What are you listening to outside of the classical genre?
Let’s see – I’m enjoying Arcade Fire’s latest, “Reflektor,” though I need another listen or two to really get to know it. I’ve been listening a lot lately to the early spiritual recordings of the Rev. Gary Davis – his intense vocals and amazing guitar work are simply astonishing, and affect me deeply. The Wife and I greatly enjoy Paul McCartney’s “New” album – the old fellow has still got it! One of my sources (thanks, Josh) recently turned me on to the British guitarist James Blackshaw; now I rarely go more than a few days without rewiring my brain with a couple of his mesmerizing things. The new Nine Inch Nails album, “Hesitation Marks,” has been in my CD player a lot lately. But that’s this week. Who knows what it will be next week? I can’t wait to find out!
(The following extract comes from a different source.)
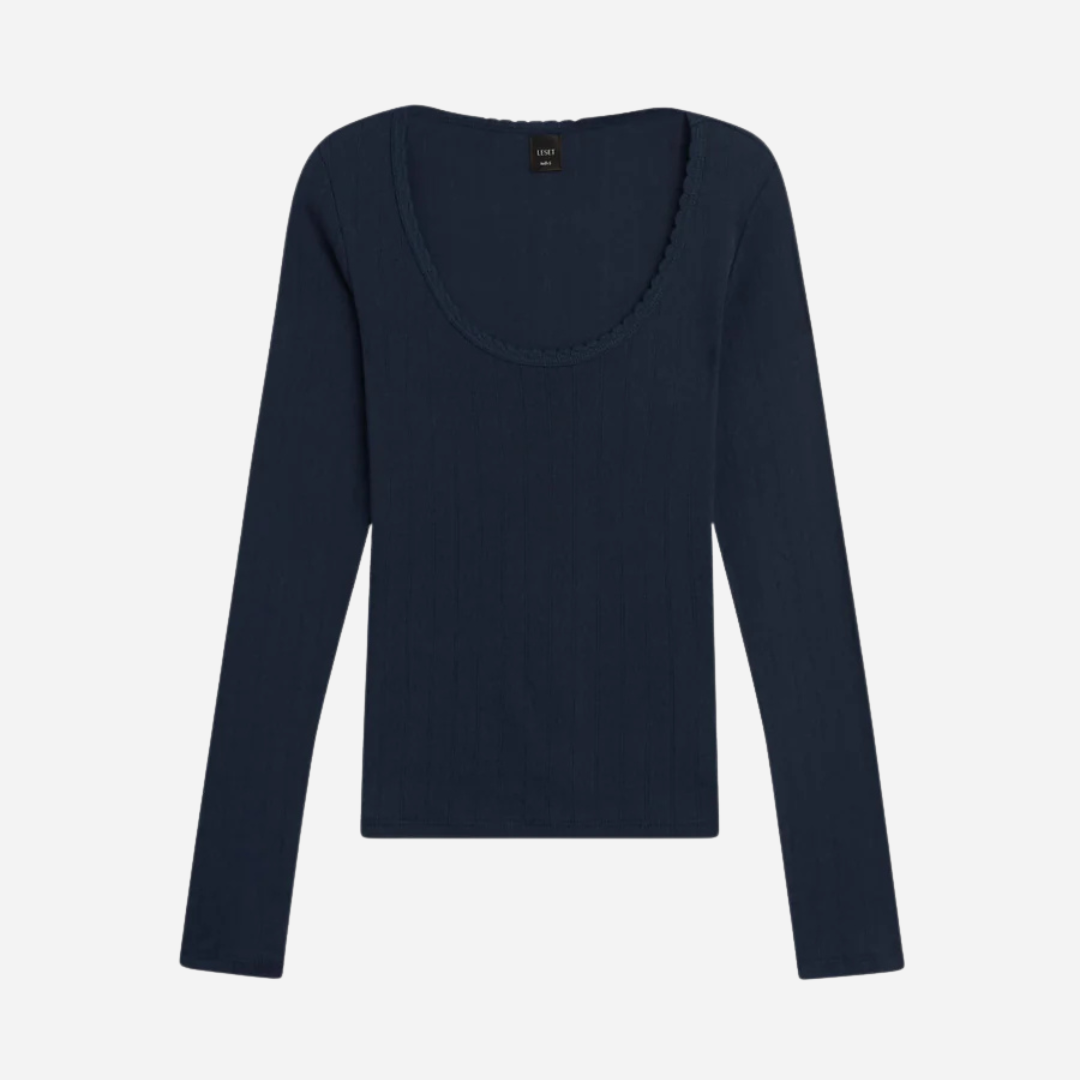 Pointelle Cotton Long-Sleeve Scoop Neck Tee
What’s next for you? What are your plans for 2014?
Frankly, whatever answer I give to that question is as likely as not to end up wrong, since I won’t really know until I get there. But I can be sure that there will still be lots of music – listening, writing, concert presenting and concert attending. Travel too, not to mention food and wine. I’m sure I’ll miss daily contact with listeners and colleagues, who’ve all been sensational. But it’s someone else’s turn to have the privilege, and my turn to pursue some personal interests. I’m sure I’ll run into lots of listeners at concerts and other events, so it’s not “good-bye,” it’s “arrivederci” — see you later!